Tomorrow’s Theology, way back in 1925

In this recent article,

http://www.thebanner.org/features/2013/05/tomorrow-s-theology

Edwin Walhout advocated his vision of “Tomorrow’s Theology.”

I don’t intend to completely deconstruct Walhout’s article. Mainly I just wanted to show that Walhout’s “Tomorrow Theology,” has been advocated as “Tomorrow’s Theology” for at least several decades. My point is to try to take the shine off the idea that there is anything innovative in what Walhout is advocating. In point of fact what Walhout is really offering is “Yesterday’s Theology.” The fact that anybody could see Walhout’s “Tomorrow Theology” as novel or futuristic is laughable. As far back as 1925 people were saying the same thing.

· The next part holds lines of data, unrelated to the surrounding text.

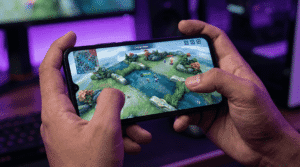 Mobile Legends gameplay on Android showing Zolaxis Patcher Drone View 3X map zoom compared to normal view.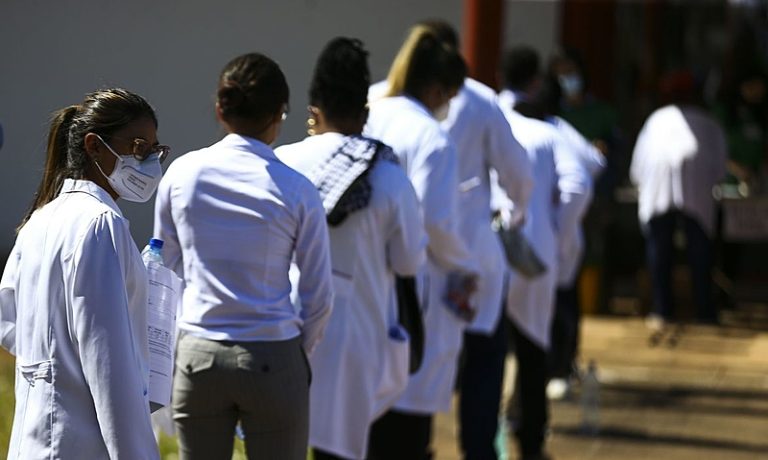 A Medicina de Família e Comunidade, o SUS e o novo Mais Médicos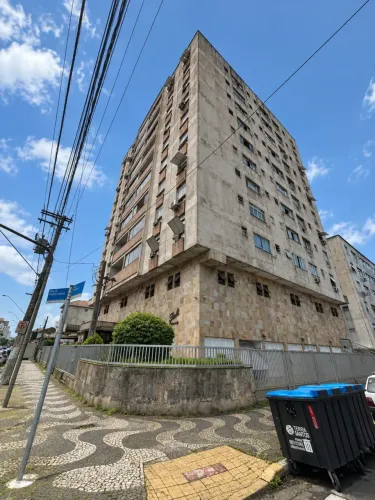 Imóvel para aluguel possui 80 metros quadrados com 2 quartos em Ponta da Praia - Santos -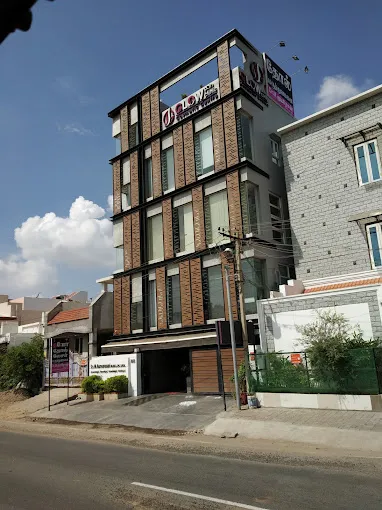 Image of: Glow Skin Clinic Cosmetic Centre in Kk Nagar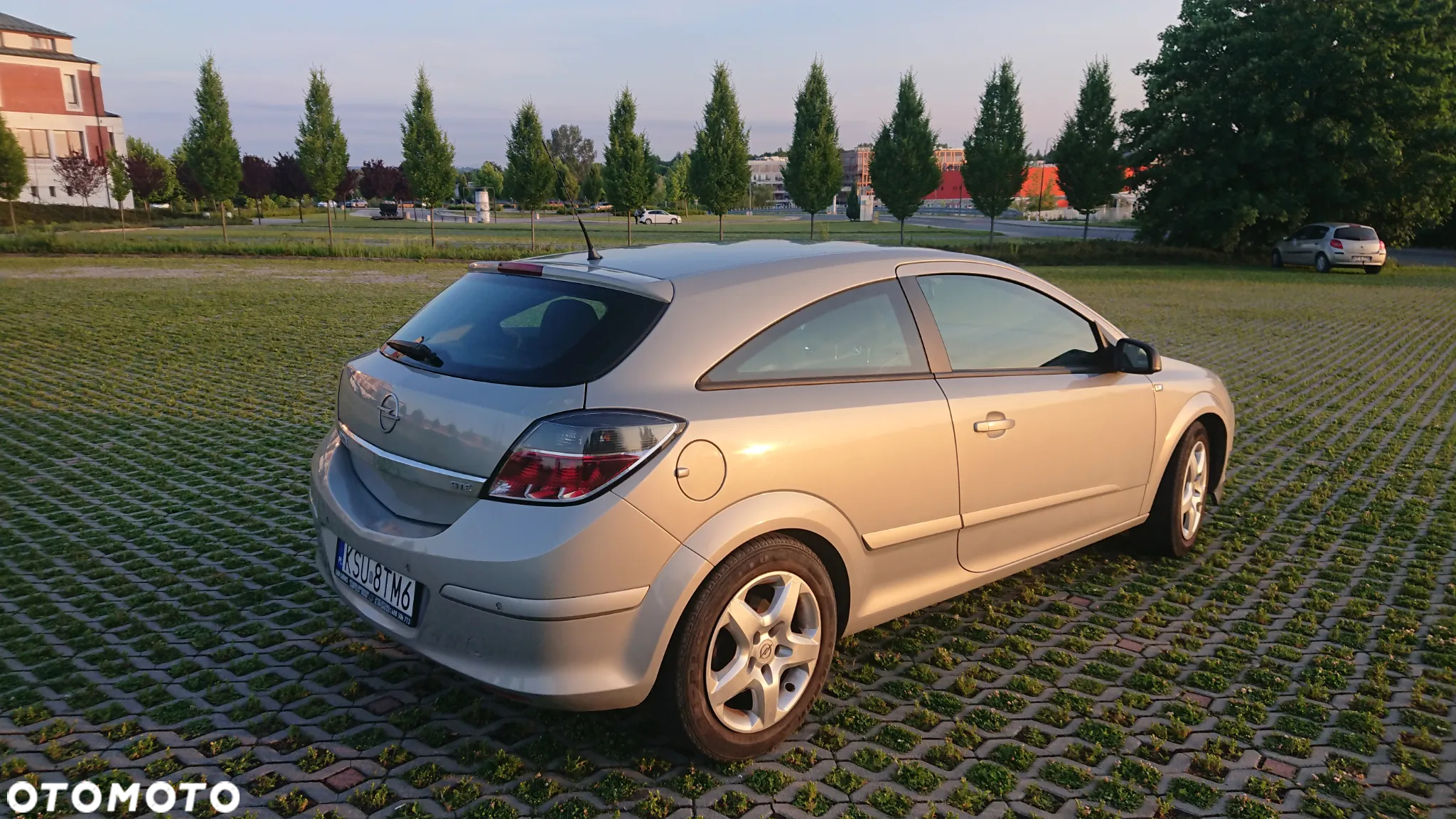 Opel Astra GTC 1.4 - 3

“The evolution of man from lower forms of life was in itself a new and startling fact, and one that broke upu the old theology. I and my contemporaries, however, accepted it as fact. The first and most obvious result of this acceptance was that we are compelled to regard the Biblical story of the Fall as not historic, as it had long been believed to be. We were compelled to regard that story as a primitive attempt to account for the presence of sin and evil in the world …. But now, in the light of the fact of evolution, the Fall, as a historic event, already questioned on other grounds, was excluded and denied by science.”

Charles E. Merriam
New Aspects of Politics, 3rd Edition — pp. 59-60

So 88 years after Merriam offered “Tomorrow’s Theology,” Walhout is still insisting that theology from 1925 remains “Tomorrow’s Theology.”

Of course what Rev. Walhout is giving us is just the archaic version of Modernism so aptly advocated for by men like Shailer Matthews in his various books. Like Matthews before him, Walhout’s Christianity is one where his god is the god of the process philosophers. Creation is a process and not an act. (Except possibly as an act that starts off the more important process.) Most commonly then this process philosophy god gives us a word of flux that is determined and regulated by humanistic historicism. Higher Criticism, in “Tomorrow’s Theology” legislated the meaning of Scripture for each “progressing” generation. Naturally, if the Modernist’s god is in process with his creation then so must any legislative word be in process with creation. Next, in the reasoning of “Tomorrow’s Theology,” — or is it “Yesterday’s Theology?” I get so confused on this point — one has to realize that as one has only an immanent god who is working in process with his creation, and who has no absolute legislative law word, therefore ethics are evolving as well. Joseph Fletcher’s “Situational Ethics,” comes to the fore and “right and wrong” are determined by whoever has the biggest and most advanced weaponry.

So, whether Walhout’s theology is “Tomorrow’s Theology” or “Yesterday’s Theology” it remains a Theology that reinterprets the faith once forever delivered to the saints through the anti-supernatural grid of humanistic process theology, where all is becoming (including god), where whirl is King, and where man loses his manishness at the same time as God loses His Godhood.

If you would like to see the consequences of Walhout’s “Tomorrow Theology,” — a theology where original sin is denied — the place to look is at the Soviet Gulags, the Cambodian Killing Fields, or the Cuban Psychiatric wards. If man has no original sin then we have no reason to think that man is basically sinful. If man is not basically sinful then man is either basically good, and only needs to discover his goodness, or man is neutral and needs to be socially engineered to achieve Utopian desires. Such has always been the reasoning of those promising to usher in the Kingdom of man. Of course, I say this fully conceding that Rev. Walhout finds all that 20th century ugliness abhorrent. Most people don’t have the capacity to trace out the consequences of their ideas.

So … beat the rush and reject “Tomorrow’s Theology” today.